First, we must compute the boundaries of all the bodies in the scene. Since bodies move and the boundaries dynamically change, we must do this in every iteration of the algorithm. The `computeBoundaries` method is already implemented – it uses the `aggregate` combinator on the sequence of bodies to compute the boundaries:

  def computeBoundaries(bodies: Seq[Body]): Boundaries = {
    val parBodies = bodies.par
    parBodies.tasksupport = taskSupport
    parBodies.aggregate(new Boundaries)(updateBoundaries, mergeBoundaries)
  }

How does this work? The `aggregate` method divides the input sequence into a number of chunks. For each of the chunks, it uses the `new Boundaries` expression to create the accumulation value, and then folds the values in that chunk calling `updateBoundaries` on each body, in the same way a `foldLeft` operation would. Finally, `aggregate` combines the results of different chunks using a reduction tree and `mergeBoundaries`.

So, we need the `updateBoundaries` method:

  def updateBoundaries(boundaries: Boundaries, body: Body): Boundaries

Given an existing `boundaries` object and a body, the `updateBoundaries` updates the `minX`, `minY`, `maxX` and `maxY` values so that the boundaries include the body.

Next, the `mergeBoundaries` method creates a new `Boundaries` object, which represents the smallest rectangle that contains both the input boundaries:

  def mergeBoundaries(a: Boundaries, b: Boundaries): Boundaries

Question: Is `mergeBoundaries` associative? Is it commutative? Does it need to be commutative?

Implement these two methods, and test that they work correctly!

Building the Quadtree

Next, we need to build a `Quad` tree from the sequence of bodies. We will first implement the `computeSectorMatrix` method to get the `SectorMatrix`:

  def computeSectorMatrix(bodies: Seq[Body], boundaries: Boundaries): SectorMatrix

Hint: aggregate the `SectorMatrix` from the sequence of bodies, the same way it was used for boundaries. Use the SECTOR_PRECISION constant when creating a new `SectorMatrix`.

Test that these methods work correctly before proceeding!

Eliminating Outliers

During the execution of the Barnes-Hut algorithm, some of the bodies tend to move far away from most of the other bodies. There are many ways to deal with such outliers, but to keep things simple, we will eliminate bodies that move too fast and too far away.

We will not go into details of how this works, but if you'd like to know more, you can try to understand how the `eliminateOutliers` method works.

Updating Bodies

The `updateBodies` method uses the quadtree to map each body from the previous iteration of the algorithm to a new iteration:

  def updateBodies(bodies: Seq[Body], quad: Quad): Seq[Body]

Recall that we already implemented the `updated` method which updates a single body.

Running Barnes-Hut

At last, the parallel Barnes-Hut algorithm is implemented.
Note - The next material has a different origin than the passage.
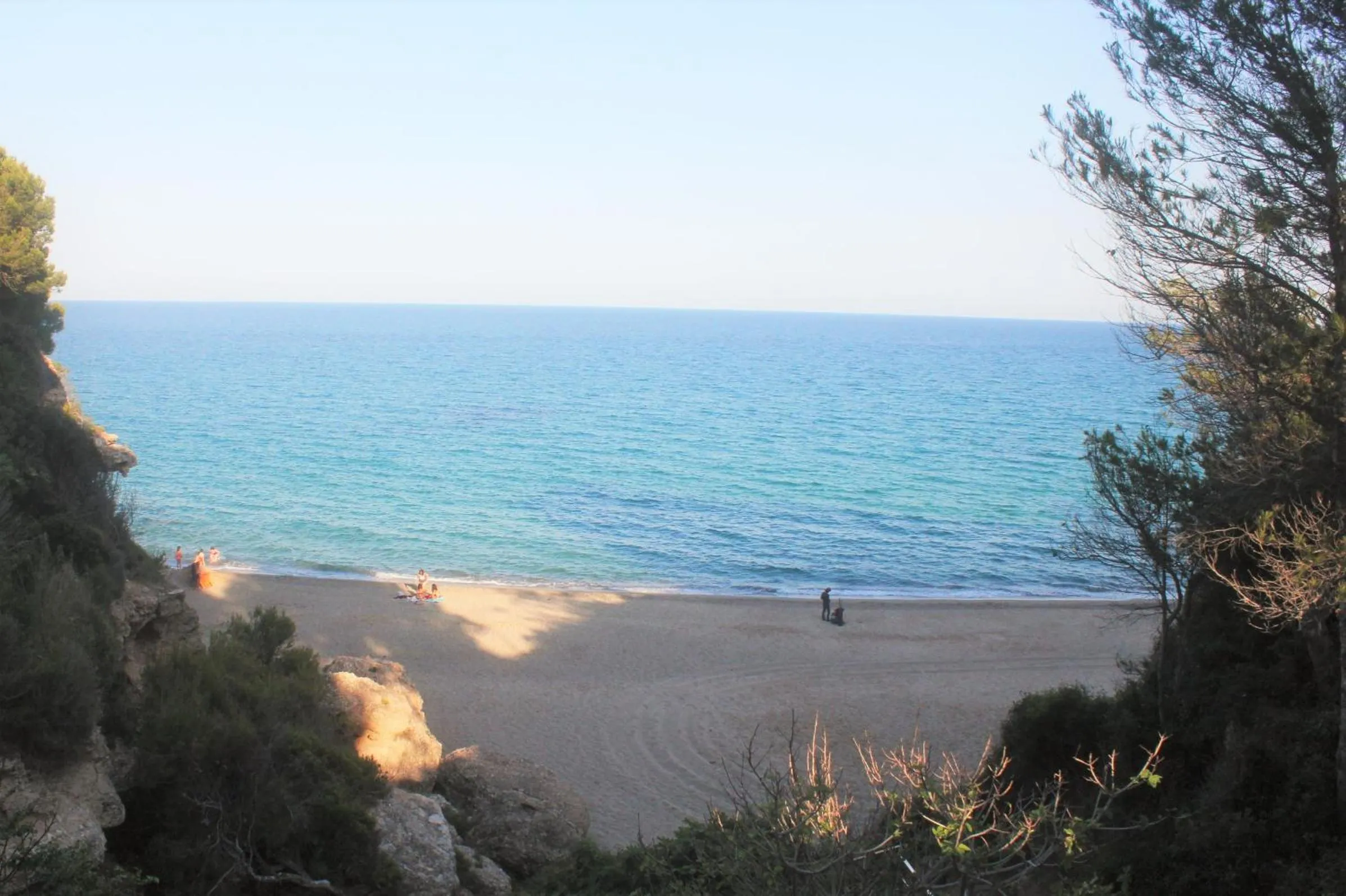 Beach in JOYAPARTMENTS Calas II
Note that, despite all the work, we kept our Barnes-Hut algorithm implementation simple and avoided the details that a more realistic implementation must address. In particular:

  1. we represented each body as a single point in space
  2. we restricted the simulation to two-dimensional space
  3. we ignored close encounter effects, such as body collision or tearing
  4. we ignored any relativistic effects, and assume classical mechanics
  5. we ignored errors induced by floating point computations

You can now run it as follows:

  > runMain barneshut.BarnesHut

To visualize the quadtree, press the Show quad button, and then hit the Start/Pause button.

Play with the parallelism level and the number of bodies, and observe the average speedups in the lower right corner. Then sit back, and enjoy the show!